Beyond Bandiagara, the highway becomes a dirt road that strikes through bush to the top of an escarpment, which is the centre of Dogon life. We wend our way down, pausing briefly at the bottom to buy the biggest mangoes I've ever seen. I catch a glimpse of Kani Kombole, one of the oldest villages on the plain, but we're not stopping. We're heading straight for Bankass, the gateway to Dogon country from the Burkina Faso border. I'm in luck: my trip coincides with two days of Dogon festivities.
The small, dusty town of Bankass begins to fill up. Hundreds of people from the outlying villages come to witness the spectacle: the cream of the region's young men going head-to-head in a local form of wrestling.
Such is their enthusiasm that the surrounding trees are festooned with people, all eager for the best possible view. This is a big event, with dignitaries, loudhailers, drummers and a 3am finish.

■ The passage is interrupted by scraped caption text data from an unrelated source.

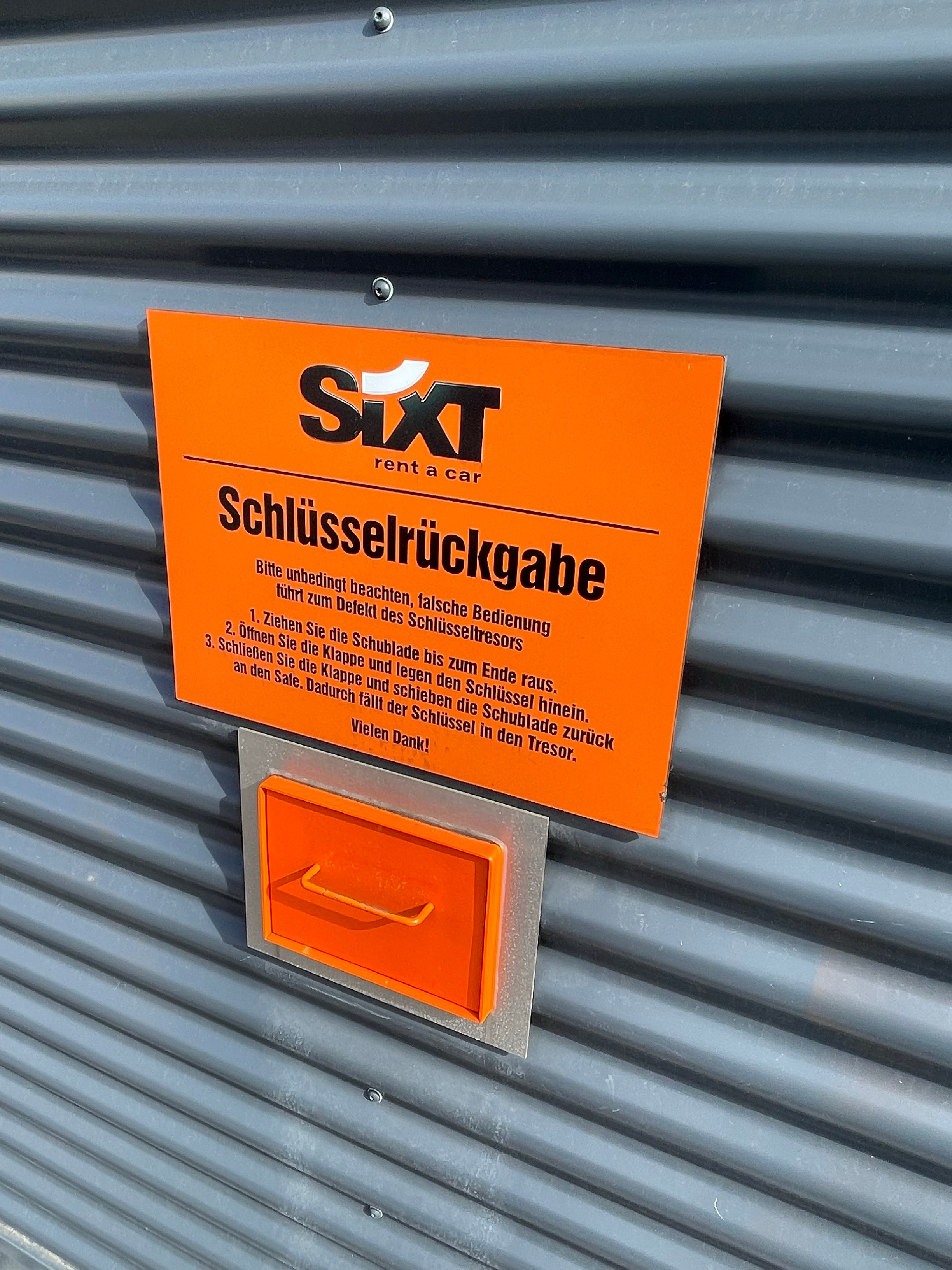 SIXT Mietwagen & Transporter mieten Stuttgart Vaihingen, Industriestr. 26 in Stuttgart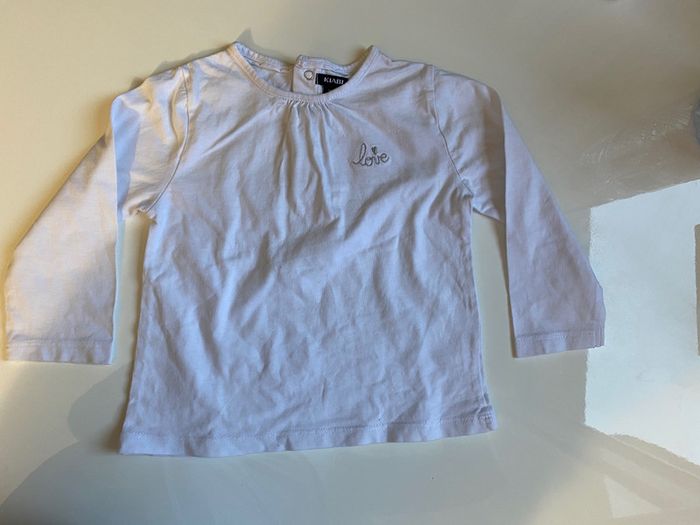 2 pulls et 1 tee shirt - photo numéro 2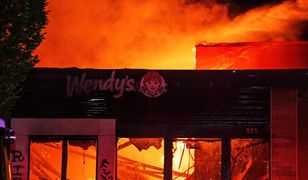 Zamieszki w Atlancie (USA). Protestujący podpalili restaurację po tym, jak policjant strzelił do Afroamerykanina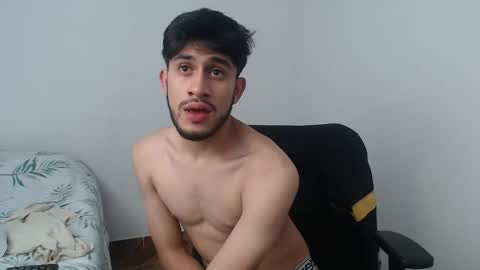 Snapshot of latinbunny7779 chatting on December 9, 2:24 am camilo online show from December 9, 2:24 am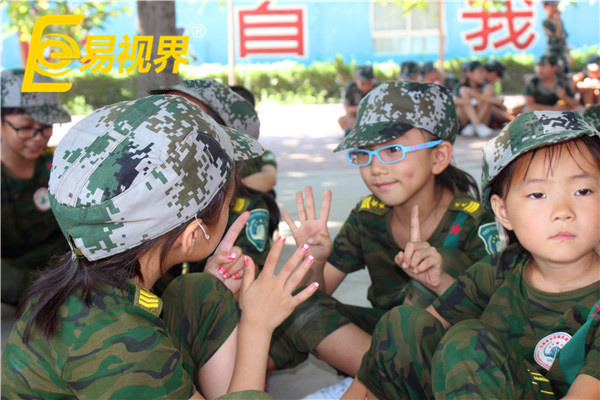 小朋友們開(kāi)心應對每天的挑戰，加油！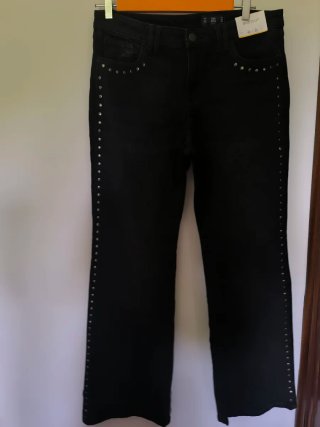 Pantalón vaquero negro recto con tachuelas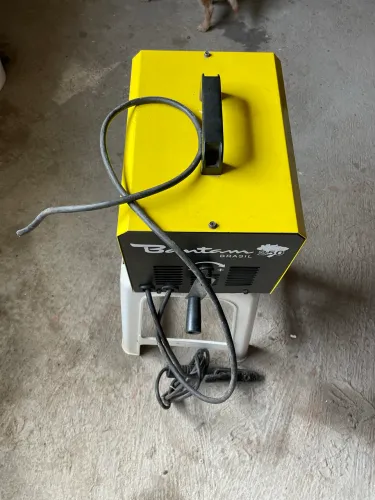 Máquina de Solda 250 Amperes Bivolt
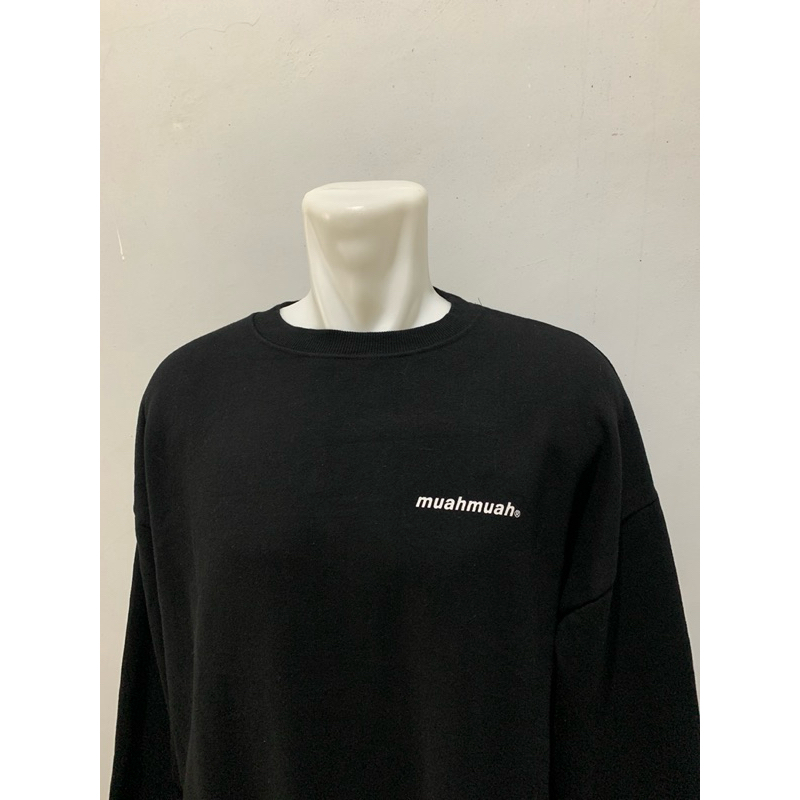 Crewneck Sweater Muah Muah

La lutte, to my untrained eye, looks like a cross between sumo and judo. Wearing rough cotton shorts, the men lock shoulders and test each other's strength, until one discovers a weakness and manages a throw. Ali tells me that he loved to wrestle in his youth. It's part of the rough and tumble of a Dogon upbringing, along with diving in the seasonal waterfalls, catching and eating lizards and riding in bareback horse races.
The next day I'm lucky enough to witness these races for myself. Another enthusiastic crowd is kept in order by over-zealous police officers swinging clubs.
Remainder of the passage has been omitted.